The Lumineers / All photos: Kevin Kinder

There’s no such thing as a long song by The Lumineers. In three, maybe four minute bursts of pop music slathered with down-home folk, the Colorado band entertained a full house at the Walmart Arkansas Music Pavilion on Saturday night. And by full, I mean FULL – the ushers, as they do sometimes for the largest shows at the venue, condensed groups who had already claimed chunks of space on the lawn into tighter areas. There’s always an attempt to squeeze a few more bodies into the space.

I don’t think this concert sold out on the day it went on sale. I might be wrong about that, but I seem to remember a few tickets floating around. As the date neared, that certainly changed. Tickets were sold at a premium over face value. Social media posts begged for extra tickets. What happened in the space between?

Their songs happened. Or, more specifically, their new album, full of a new crop of potential hits, happened.

Next at the Walmart Arkansas Music Pavilion

Who: Korn and Breaking Benjamin
When: 6 p.m. Oct. 15
Where: Arkansas Music Pavilion, Rogers
Cost: Starting at $29.50
Tickets: Call 479-443-5600 or visit for information.

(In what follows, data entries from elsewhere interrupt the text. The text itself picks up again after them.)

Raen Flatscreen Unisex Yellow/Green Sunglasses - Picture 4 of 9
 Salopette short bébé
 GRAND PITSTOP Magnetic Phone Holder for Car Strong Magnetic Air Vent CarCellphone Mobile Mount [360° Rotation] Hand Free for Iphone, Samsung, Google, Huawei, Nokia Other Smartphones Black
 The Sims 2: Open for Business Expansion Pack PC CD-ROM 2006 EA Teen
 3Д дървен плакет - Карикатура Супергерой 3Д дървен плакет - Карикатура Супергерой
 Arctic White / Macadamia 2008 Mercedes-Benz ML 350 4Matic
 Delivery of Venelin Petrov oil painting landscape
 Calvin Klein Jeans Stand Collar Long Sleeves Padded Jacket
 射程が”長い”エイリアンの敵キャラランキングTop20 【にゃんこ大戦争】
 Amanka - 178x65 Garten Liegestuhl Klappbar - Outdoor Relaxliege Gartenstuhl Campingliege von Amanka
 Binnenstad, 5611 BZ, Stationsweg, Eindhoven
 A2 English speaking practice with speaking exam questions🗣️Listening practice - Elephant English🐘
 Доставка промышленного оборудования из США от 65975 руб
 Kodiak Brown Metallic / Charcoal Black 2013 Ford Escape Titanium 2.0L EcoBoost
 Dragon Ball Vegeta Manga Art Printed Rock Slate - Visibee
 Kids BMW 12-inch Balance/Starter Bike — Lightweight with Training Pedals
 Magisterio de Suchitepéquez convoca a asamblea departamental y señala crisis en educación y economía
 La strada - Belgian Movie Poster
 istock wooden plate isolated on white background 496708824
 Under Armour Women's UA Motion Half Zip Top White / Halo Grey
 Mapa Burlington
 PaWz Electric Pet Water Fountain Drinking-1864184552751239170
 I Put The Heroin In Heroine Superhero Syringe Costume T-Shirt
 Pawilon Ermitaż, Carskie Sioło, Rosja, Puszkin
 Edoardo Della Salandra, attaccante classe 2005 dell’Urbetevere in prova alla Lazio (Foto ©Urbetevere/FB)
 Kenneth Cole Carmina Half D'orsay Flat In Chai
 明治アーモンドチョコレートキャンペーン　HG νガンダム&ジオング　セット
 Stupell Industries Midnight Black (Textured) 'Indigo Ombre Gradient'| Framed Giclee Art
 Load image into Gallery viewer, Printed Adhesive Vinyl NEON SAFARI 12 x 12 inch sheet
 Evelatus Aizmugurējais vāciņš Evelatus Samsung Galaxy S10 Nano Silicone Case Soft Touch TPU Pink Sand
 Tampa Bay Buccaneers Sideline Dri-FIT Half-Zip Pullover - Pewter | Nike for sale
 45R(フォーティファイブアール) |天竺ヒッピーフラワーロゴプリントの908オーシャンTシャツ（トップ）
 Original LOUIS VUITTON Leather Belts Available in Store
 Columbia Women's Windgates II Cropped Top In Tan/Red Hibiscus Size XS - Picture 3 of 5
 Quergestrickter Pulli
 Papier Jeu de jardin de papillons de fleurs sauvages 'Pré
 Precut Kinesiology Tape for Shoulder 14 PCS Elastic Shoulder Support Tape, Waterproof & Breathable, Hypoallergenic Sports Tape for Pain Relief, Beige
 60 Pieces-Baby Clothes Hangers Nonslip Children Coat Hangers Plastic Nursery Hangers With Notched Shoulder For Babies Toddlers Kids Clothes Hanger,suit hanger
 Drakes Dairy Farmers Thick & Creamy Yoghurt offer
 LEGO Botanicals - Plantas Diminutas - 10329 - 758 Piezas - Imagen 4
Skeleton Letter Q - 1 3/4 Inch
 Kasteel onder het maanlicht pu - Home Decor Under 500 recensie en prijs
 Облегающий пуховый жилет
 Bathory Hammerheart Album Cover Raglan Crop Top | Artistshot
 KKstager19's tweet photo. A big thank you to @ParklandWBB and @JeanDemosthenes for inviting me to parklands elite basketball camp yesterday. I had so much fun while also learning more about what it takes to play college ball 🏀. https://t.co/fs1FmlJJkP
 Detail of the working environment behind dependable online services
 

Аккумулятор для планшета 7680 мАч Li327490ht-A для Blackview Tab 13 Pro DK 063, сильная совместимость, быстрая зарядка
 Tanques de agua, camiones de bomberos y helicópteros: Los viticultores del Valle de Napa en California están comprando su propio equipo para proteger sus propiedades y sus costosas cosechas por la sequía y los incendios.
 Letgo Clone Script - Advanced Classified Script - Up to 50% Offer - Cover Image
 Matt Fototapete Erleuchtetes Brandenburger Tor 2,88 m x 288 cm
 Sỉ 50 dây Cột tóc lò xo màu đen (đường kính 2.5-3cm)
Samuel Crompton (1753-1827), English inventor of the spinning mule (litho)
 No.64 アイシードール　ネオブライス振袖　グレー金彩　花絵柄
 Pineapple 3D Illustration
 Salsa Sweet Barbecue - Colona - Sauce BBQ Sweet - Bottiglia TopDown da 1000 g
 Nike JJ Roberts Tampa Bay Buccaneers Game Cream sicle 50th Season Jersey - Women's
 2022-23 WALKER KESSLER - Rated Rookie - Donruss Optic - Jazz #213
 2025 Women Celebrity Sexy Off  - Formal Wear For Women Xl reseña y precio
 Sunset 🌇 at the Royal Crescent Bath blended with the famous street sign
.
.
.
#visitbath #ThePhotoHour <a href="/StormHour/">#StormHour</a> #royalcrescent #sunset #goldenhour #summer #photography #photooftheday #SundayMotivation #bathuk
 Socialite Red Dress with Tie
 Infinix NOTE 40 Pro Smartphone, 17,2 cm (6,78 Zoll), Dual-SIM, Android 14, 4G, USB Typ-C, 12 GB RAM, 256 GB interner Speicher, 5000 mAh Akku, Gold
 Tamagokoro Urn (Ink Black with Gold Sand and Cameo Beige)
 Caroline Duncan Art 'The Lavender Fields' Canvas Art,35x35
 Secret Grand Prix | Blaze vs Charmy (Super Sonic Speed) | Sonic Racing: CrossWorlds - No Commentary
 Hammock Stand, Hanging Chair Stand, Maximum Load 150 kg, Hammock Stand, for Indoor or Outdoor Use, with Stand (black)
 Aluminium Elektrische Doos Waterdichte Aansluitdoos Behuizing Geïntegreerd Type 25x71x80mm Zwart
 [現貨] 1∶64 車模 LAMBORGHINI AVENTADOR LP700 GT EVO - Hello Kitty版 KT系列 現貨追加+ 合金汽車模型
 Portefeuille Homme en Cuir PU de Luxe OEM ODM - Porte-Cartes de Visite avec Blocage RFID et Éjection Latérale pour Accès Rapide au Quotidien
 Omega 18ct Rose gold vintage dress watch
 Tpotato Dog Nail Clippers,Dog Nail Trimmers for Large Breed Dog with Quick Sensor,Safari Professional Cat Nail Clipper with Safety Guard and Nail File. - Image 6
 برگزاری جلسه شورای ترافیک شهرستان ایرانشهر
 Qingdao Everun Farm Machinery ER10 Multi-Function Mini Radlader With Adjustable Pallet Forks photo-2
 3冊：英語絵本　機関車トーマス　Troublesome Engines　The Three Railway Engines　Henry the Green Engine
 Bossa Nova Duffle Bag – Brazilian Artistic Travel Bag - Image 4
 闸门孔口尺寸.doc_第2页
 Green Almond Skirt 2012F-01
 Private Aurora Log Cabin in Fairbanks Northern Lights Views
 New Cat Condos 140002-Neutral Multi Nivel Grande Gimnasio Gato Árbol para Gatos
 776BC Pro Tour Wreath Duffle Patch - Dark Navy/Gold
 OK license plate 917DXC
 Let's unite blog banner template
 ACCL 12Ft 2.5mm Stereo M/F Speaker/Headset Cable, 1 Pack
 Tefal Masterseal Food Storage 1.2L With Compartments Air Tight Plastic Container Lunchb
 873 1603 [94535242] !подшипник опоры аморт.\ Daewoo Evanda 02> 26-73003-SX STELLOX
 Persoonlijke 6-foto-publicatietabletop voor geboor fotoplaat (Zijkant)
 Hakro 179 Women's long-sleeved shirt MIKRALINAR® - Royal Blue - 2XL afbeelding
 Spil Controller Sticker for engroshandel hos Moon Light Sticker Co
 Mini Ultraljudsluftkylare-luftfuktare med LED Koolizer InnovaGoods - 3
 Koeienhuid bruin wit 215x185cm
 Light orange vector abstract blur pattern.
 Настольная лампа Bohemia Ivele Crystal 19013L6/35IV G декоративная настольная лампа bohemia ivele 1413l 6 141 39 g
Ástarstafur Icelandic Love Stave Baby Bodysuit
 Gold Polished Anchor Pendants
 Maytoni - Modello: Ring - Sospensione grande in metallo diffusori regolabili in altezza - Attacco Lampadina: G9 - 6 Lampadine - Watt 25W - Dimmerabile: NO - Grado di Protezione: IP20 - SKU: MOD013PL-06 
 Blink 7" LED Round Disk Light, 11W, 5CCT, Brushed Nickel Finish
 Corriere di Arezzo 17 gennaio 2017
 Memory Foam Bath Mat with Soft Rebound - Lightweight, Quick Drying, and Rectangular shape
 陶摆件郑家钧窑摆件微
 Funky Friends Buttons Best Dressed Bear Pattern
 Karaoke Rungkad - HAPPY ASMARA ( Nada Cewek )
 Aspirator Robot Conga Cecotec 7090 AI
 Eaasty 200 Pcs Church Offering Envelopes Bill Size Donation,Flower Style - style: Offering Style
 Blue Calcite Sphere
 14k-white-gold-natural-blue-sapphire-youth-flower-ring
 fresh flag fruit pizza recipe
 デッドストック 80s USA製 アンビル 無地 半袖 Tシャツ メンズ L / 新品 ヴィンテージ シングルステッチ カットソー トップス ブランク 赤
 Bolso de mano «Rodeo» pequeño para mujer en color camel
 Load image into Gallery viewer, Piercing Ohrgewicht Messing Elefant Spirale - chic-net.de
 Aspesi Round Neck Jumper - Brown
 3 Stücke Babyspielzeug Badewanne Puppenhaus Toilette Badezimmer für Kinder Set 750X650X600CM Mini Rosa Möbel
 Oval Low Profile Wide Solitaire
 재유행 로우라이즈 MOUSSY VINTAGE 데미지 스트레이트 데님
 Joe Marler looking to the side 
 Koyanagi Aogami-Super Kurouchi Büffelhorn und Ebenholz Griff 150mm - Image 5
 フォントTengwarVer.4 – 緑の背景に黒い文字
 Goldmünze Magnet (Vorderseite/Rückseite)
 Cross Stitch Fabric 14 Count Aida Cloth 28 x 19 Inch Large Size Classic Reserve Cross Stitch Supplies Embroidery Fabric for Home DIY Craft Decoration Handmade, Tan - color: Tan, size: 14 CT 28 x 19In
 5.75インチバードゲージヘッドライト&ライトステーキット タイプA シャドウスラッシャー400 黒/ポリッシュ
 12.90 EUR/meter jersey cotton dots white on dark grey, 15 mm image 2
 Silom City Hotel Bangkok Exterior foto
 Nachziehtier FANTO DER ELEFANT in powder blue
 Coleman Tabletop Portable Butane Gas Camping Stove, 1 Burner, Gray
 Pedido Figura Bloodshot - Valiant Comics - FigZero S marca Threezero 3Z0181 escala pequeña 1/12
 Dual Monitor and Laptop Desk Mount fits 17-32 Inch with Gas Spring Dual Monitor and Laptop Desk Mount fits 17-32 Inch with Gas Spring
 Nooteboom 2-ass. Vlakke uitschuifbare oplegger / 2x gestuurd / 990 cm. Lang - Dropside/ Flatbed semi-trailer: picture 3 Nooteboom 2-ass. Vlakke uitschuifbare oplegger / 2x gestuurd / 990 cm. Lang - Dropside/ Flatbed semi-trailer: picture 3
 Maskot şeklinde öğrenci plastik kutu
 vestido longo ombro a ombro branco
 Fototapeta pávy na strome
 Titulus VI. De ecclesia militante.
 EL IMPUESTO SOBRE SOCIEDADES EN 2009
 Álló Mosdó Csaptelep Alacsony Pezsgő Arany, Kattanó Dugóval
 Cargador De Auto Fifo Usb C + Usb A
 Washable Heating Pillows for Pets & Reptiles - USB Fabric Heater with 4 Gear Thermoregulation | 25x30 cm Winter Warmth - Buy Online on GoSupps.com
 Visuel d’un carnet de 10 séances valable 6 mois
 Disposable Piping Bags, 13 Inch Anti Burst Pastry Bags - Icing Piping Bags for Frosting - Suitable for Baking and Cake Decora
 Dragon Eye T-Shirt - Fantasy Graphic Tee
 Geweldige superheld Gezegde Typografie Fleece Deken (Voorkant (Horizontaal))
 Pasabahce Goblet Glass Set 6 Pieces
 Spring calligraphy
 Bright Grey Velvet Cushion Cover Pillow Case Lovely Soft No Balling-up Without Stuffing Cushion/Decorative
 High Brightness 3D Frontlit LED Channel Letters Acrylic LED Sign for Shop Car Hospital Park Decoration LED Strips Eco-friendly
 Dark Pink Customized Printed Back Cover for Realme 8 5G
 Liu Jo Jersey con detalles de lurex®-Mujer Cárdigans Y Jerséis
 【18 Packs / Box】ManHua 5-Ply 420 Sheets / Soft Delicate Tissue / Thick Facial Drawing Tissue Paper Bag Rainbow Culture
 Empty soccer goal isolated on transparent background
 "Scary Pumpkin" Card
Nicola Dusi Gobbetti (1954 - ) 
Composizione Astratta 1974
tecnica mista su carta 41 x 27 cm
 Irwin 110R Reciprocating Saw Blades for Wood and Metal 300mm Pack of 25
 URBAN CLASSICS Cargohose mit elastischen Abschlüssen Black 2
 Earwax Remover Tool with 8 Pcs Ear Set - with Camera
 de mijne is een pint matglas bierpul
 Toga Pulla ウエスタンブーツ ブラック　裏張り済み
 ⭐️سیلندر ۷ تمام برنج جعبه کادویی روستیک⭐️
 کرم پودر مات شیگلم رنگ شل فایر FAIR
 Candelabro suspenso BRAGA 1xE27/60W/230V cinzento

We’ve watched this kind of phenomenon before, even from The Lumineers. Two months after their debut album was released, the original trio performed at the Wakarusa festival (R.I.P., Wakarusa). Their set took place early in the afternoon on the small Backwoods Stage, capacity 500 or so. This was far from a coveted spot on the bill. If you count the people hanging around in hammocks barely paying attention to the proceedings onstage, there were maybe 200 people at the show. Maybe. I suspect there were fewer. I have some insight on this because I was one of those lucky few in attendance. The Lumineers mentioned that set last night during their headlining performance at the AMP. They said they were happy to be back in the area.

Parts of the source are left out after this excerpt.